KOVİD-19 HASTALARI YAŞADIKLARINI ANLATIYOR - "Kovid-19'u Allah düşmanıma bile yaşatmasın"
Aksaray'da, yeni tip koronavirüs (Kovid-19) salgınıyla mücadele ederken hastalığa yakalanan Ağaçören Devlet Hastanesi Aile Hekimliği biriminde görevli doktor Kemal Songür, tedavi sürecinde yaşadığı zorlukları anlattı.
Aksaray'da, yeni tip koronavirüs (Kovid-19) salgınıyla mücadele ederken hastalığa yakalanan Ağaçören Devlet Hastanesi Aile Hekimliği biriminde görevli doktor Kemal Songür, tedavi sürecinde yaşadığı zorlukları anlattı.
Evli ve iki çocuk sahibi 37 yaşındaki Songür, AA muhabirine yaptığı açıklamada, entegre bir hastanede görev yaptığını belirterek hem aile hekimliğinde hem de hastanenin acil kısmında hasta baktığını söyledi.
Her sağlık kuruluşunda olduğu gibi kendilerinde de Kovid-19 salgını nedeniyle bir yoğunluk yaşandığını anlatan Songür, "Muhtemelen o dönemlerde viral yükün artmasına bağlı olarak ben de bu hastalığa yakalandım. Durumumdan şüphelenince test yaptırdım ve pozitif çıktı. Çok yoğun eklem ve kas ağrısı şikayetim vardı. Kendimi bir hafta evimde karantinaya aldım. Bu bir haftanın sonunda şikayetlerim arttı. Ateşim çok yükseldi, nefes darlığım olmaya başladı, artık soluk alıp verememeye başlamıştım. Ateşim 41 dereceyi bulunca sağlık ekiplerince Aksaray Eğitim ve Araştırma Hastanesine kaldırıldım." diye konuştu.
Herhangi bir kronik hastalığının olmadığının altını çizen Songür, 2 gün serviste kaldıktan sonra kanlı balgam ve solunum şikayetlerinin olması üzerine yoğun bakım ünitesine kaldırıldığını ifade etti.
"Yoğun bakım servisi insanın psikolojisini zorluyor"

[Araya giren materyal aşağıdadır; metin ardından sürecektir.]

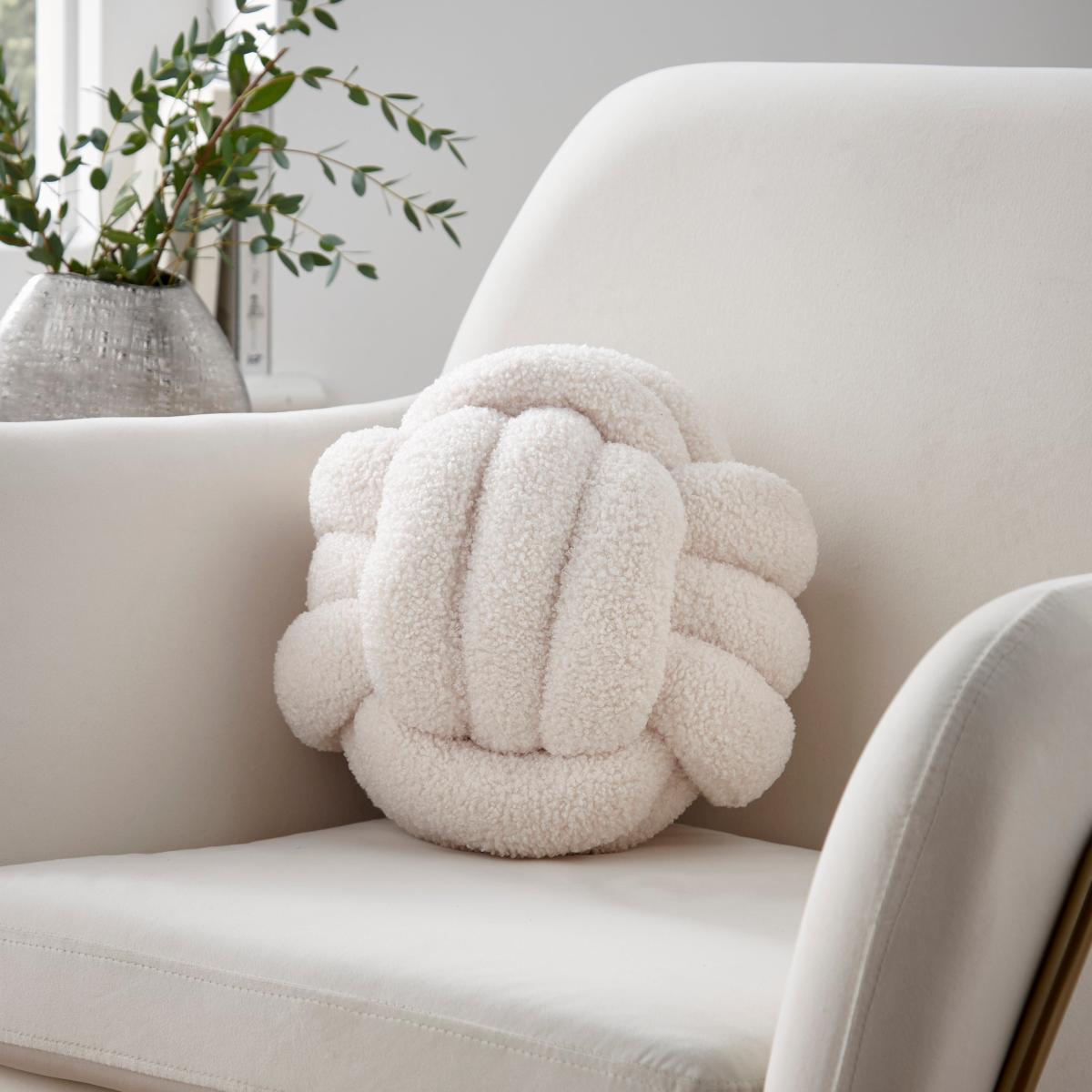 Knot Boucle Ball Cushion – image 1
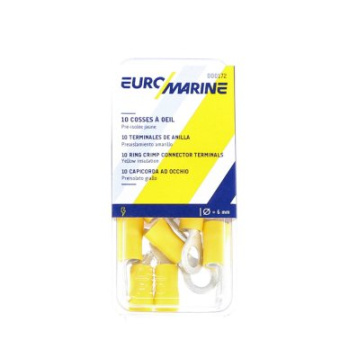 Euromarine Eyelet Terminal Ø06 Yellow - Set Of 10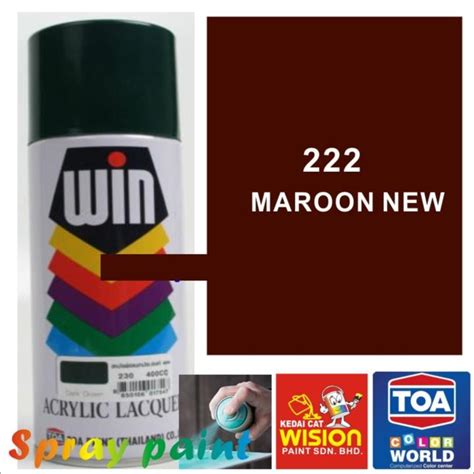 Toa Win All Purpose Aerosol Spray 400ml 222 Maroon New Lazada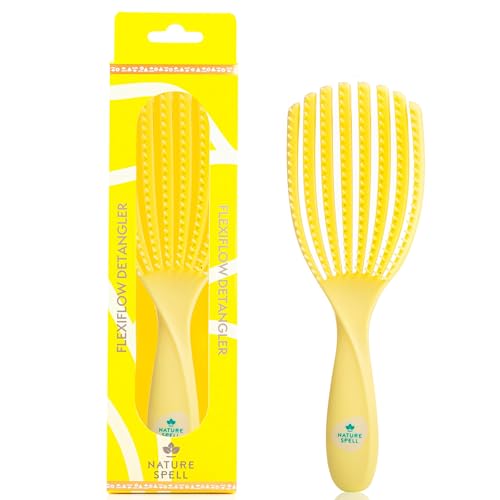 Nature Spell FlexiFlow Detangling Hair Brush - Yellow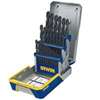 Irwin 3018004 Drill Bit Set, Heavy-Duty, 29-Piece, HSS, Black Oxide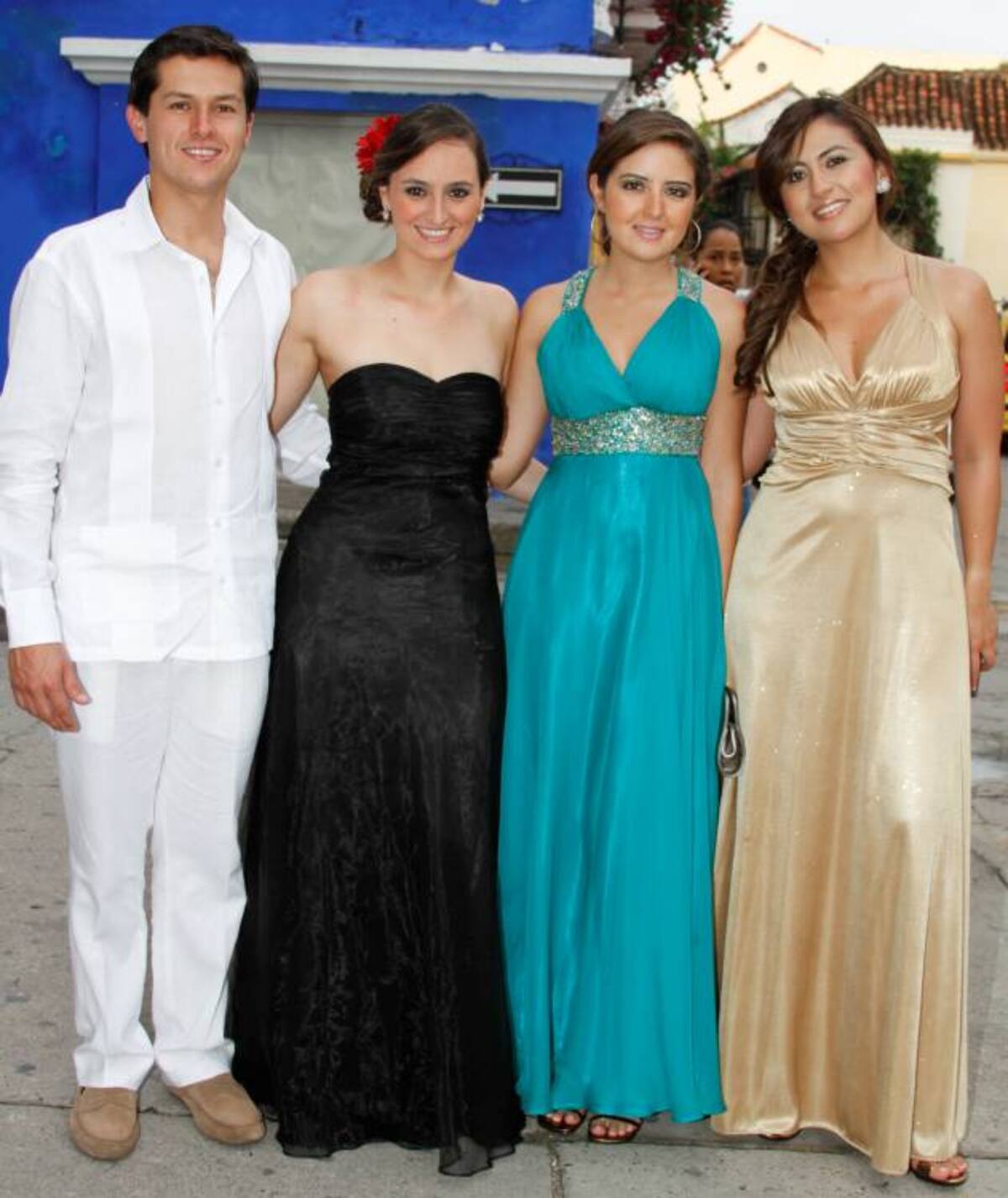 Nicolás Molina, Natalia Luque, Alejandra Clavijo y Angéli-ca Bernal.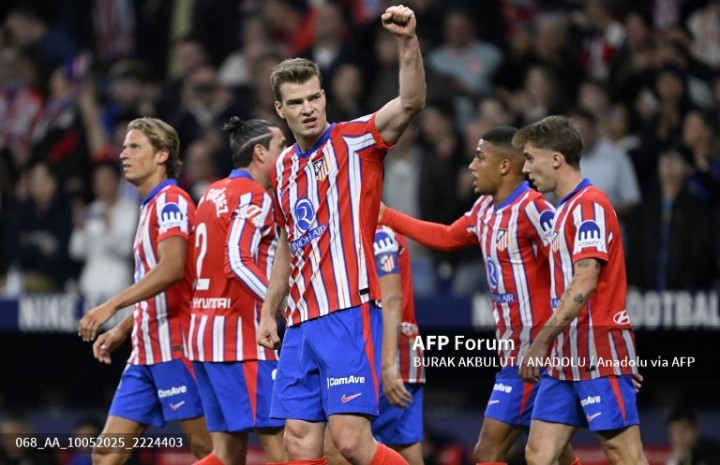 Hasil Liga Spanyol: Luar Biasa! Sorloth Borong Empat Gol Atletico Madrid ke Gawang Sociedad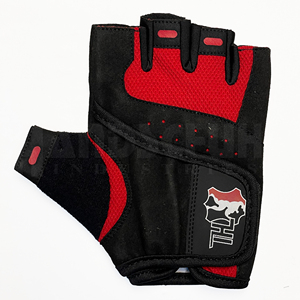 Gants de musculation professionnels rouges et noirs avec rembourrage amélioré de la paume |   Poignée antidérapante de qualité supérieure pour un équipement de musculation ultime - Product Image 4
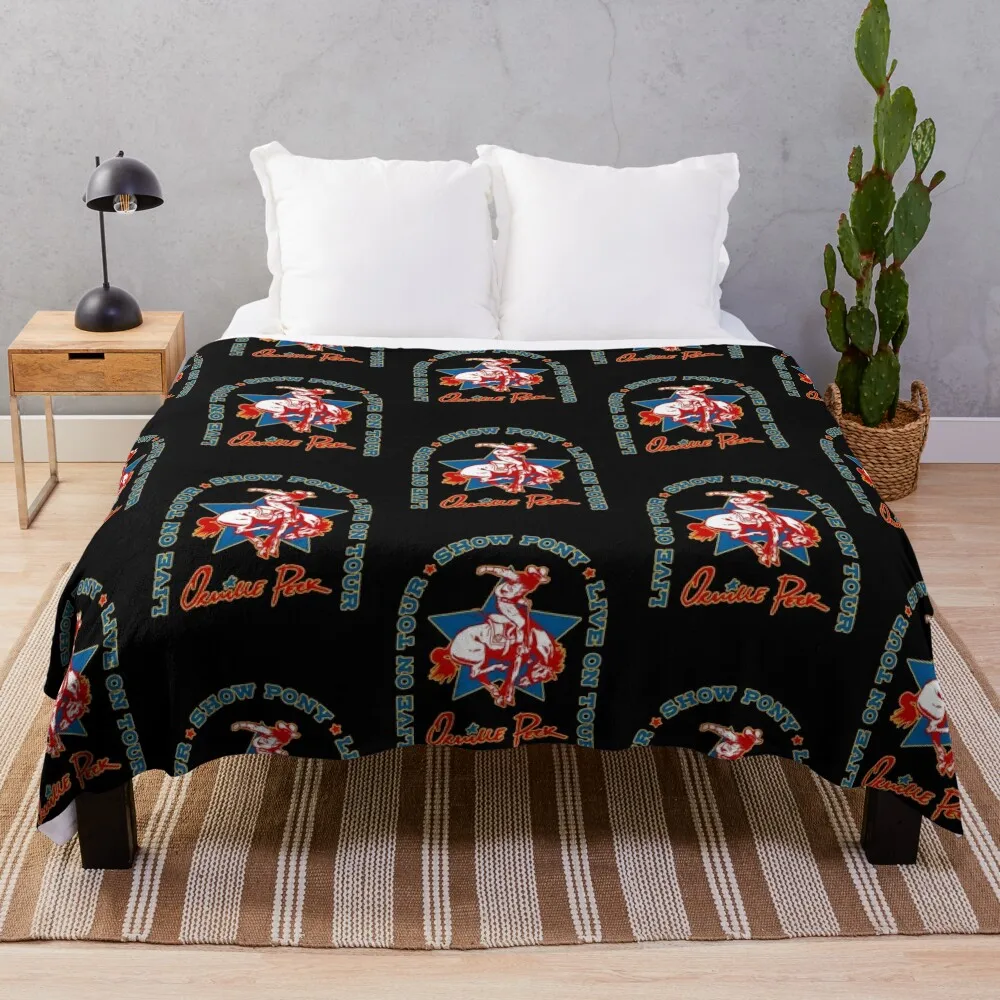 Orville Peck - Show Pony Design Throw Blanket Blankets Sofas Of Decoration Weighted Large Blankets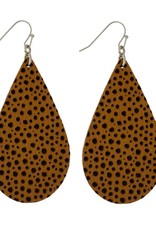 Spotted Tear Drop Earring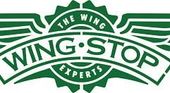 Wingstop logo in green and white with wing graphics and “The Wing Experts” text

O dönemde, nefes almakta zorluk çektiğini, oksijensiz beş adım bile ileri gidemediğini aktaran Songür, şöyle konuştu:
"Yoğun bakım süreci hepsinden daha kötüydü. Sağ olsunlar hastanemizdeki ekipler çok ilgilendi bizlerle. Sanki ailelerinden biriymişiz gibi ilgilendiler, hepsine çok teşekkür ediyorum. Yoğun bakımda immün plazma tedavisi planlandı. Kovid-19 geçiren tüm vatandaşlarımızı immün plazma bağışı vermelerini tavsiye ediyorum. Çünkü ihtiyaç çok fazla. Tedavim boyunca 6-8 saat arasında yüz üstü yattım, ciğerlerimizin daha iyi havalanabilmesi için. Akciğerlerimize zorla oksijen veren makinelerimiz var, bir süre buna bağlı kaldım. Ardından değerlerim düzelmeye başladı. Ancak yoğun bakım servisi insanın psikolojisini zorluyor. Orada kaldığım sürece çok tuhaf sesler duyuyordum. Bağıran, çağıranlar oluyordu. 'Nefes alamıyorum, ölüyorum' diye bağıran hastalarımız vardı. Kovid-19'u Allah düşmanıma bile yaşatmasın. İnsanın psikolojisini etkileyen bir süreç. Yoğun bakım sürecini insanlar görse maskeleri bir değil üçer üçer takar."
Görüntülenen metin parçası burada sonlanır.